Keep looking and your fingers crossed. They do come up in your husbands price range. Some breeders may reduce their price in favour of someone who has done their homework and knows their requirements.
Hope you are successful. They are worth it but beware not many people end up with only one.


----------



## africa (Sep 12, 2008)

stoaty said:


> Keep looking and your fingers crossed. They do come up in your husbands price range. Some breeders may reduce their price in favour of someone who has done their homework and knows their requirements.
> Hope you are successful. They are worth it but beware not many people end up with only one.

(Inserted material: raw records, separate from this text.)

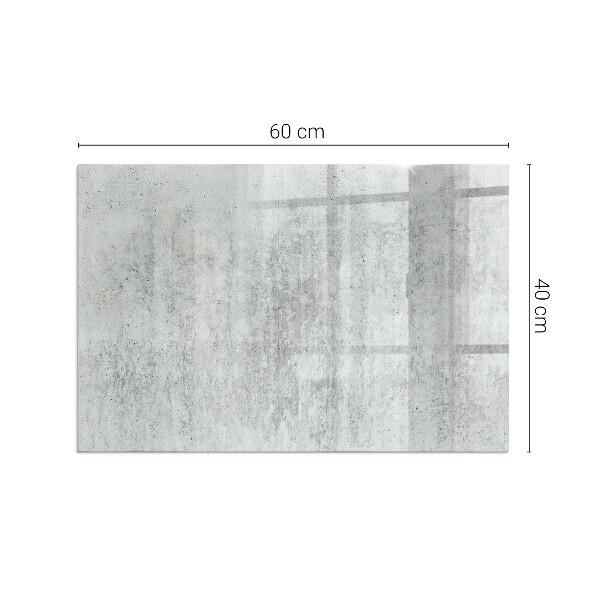 Rechteckige Glasplatte für Öfen Rohbetonstruktur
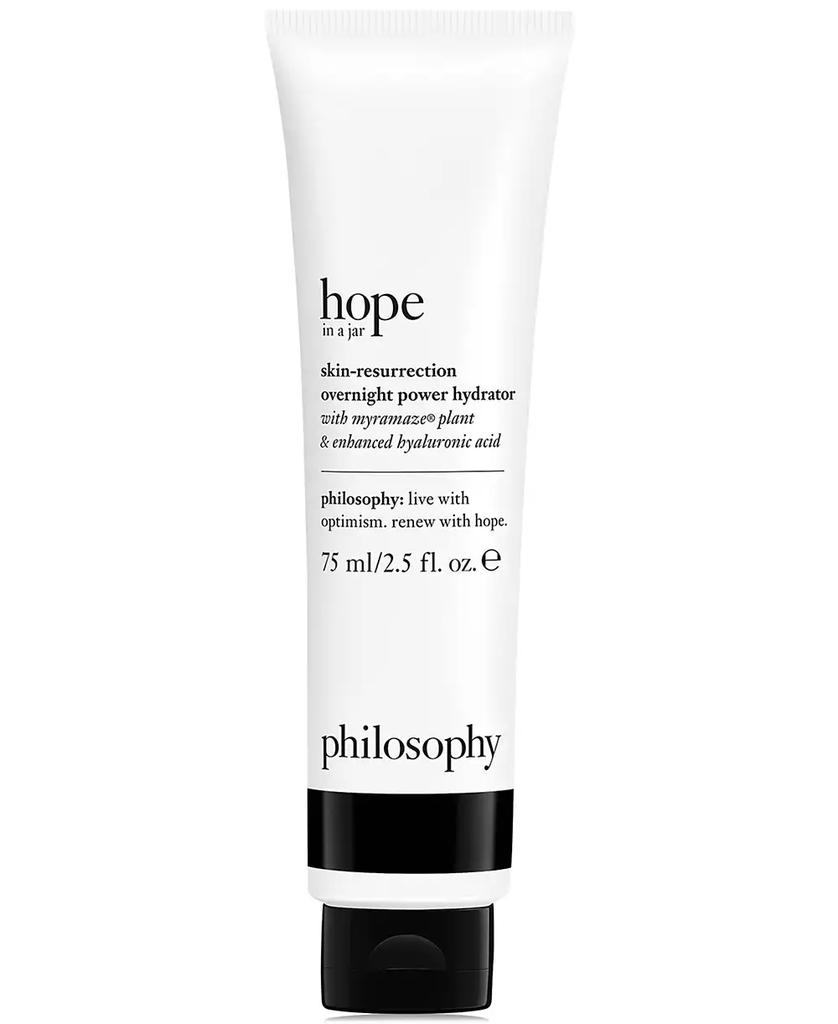 philosophy hope in a jar skin-resurrection overnight power hydrator with myramaze plant & enhanced hyaluronic acid, 2.5-oz.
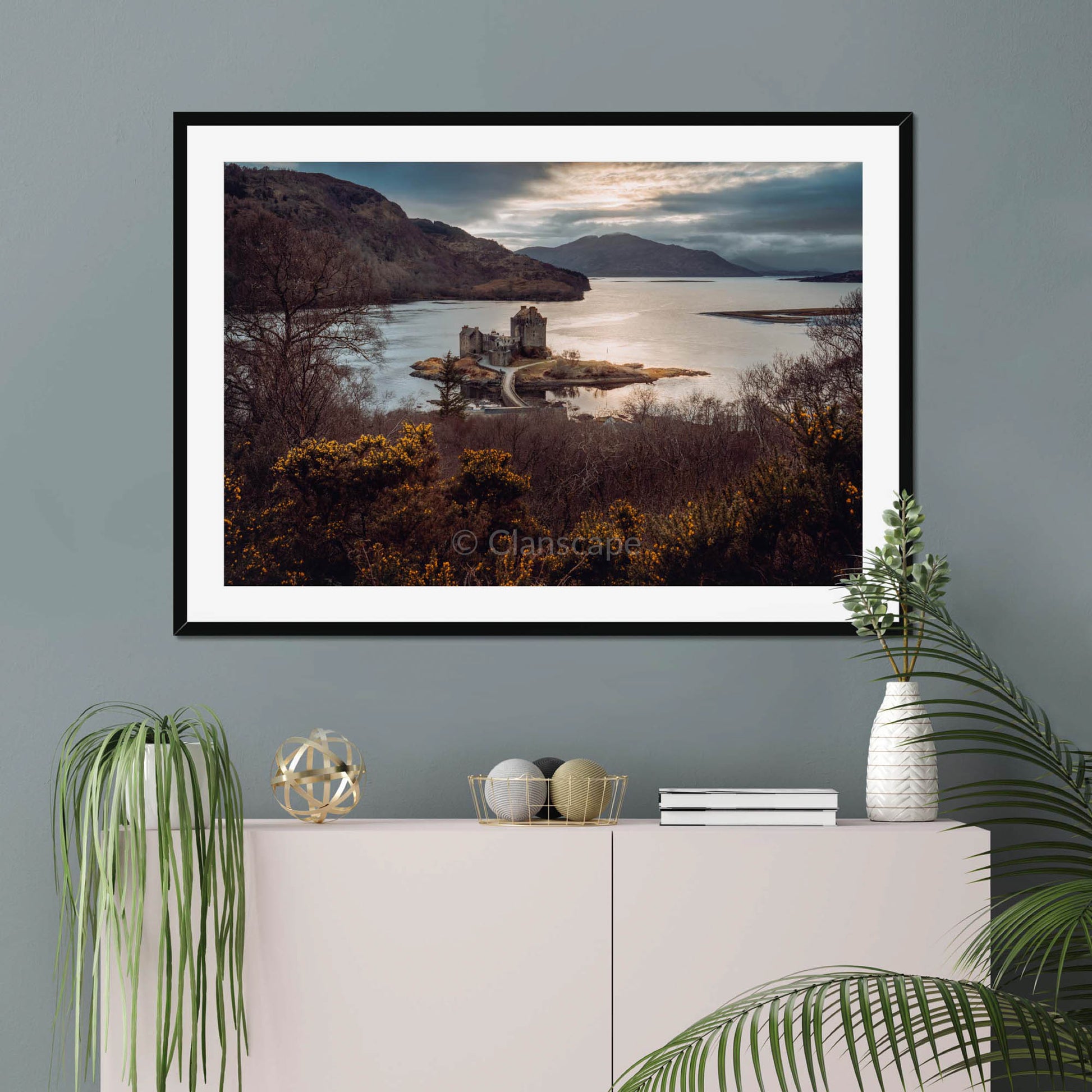 Clan Mackenzie - Eilean Donan Castle - Framed Photo Print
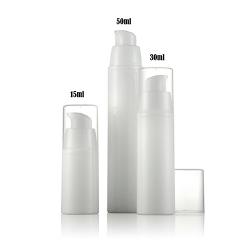 3PCS Portable Travel Refillable Empty Plastic Airless Vacuum Pump Lotion Toner Face Eye Cream Cosmetics Bottle Vial Container Pot Jar (White) (50ml)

Yes they are addictive :whistling2:


----------



## carlycharlie (Jan 16, 2008)

africa said:


> Yes they are addictive :whistling2:


Just a bit :whistling2:

There is a guy called Seb Miller who only sells Black & white classics & he charges £500 for his babies - some of which have a father that is actually a wild one that snook into the UK on a plane lol www.jungletalk.co.uk


----------



## ReHabitor (Jan 30, 2021)

I'm sorry if I got this wrong but if you're looking for an animal on a budget then maybe that animal isn't right for you. Perhaps you should look for an animal that you can afford to keep well


----------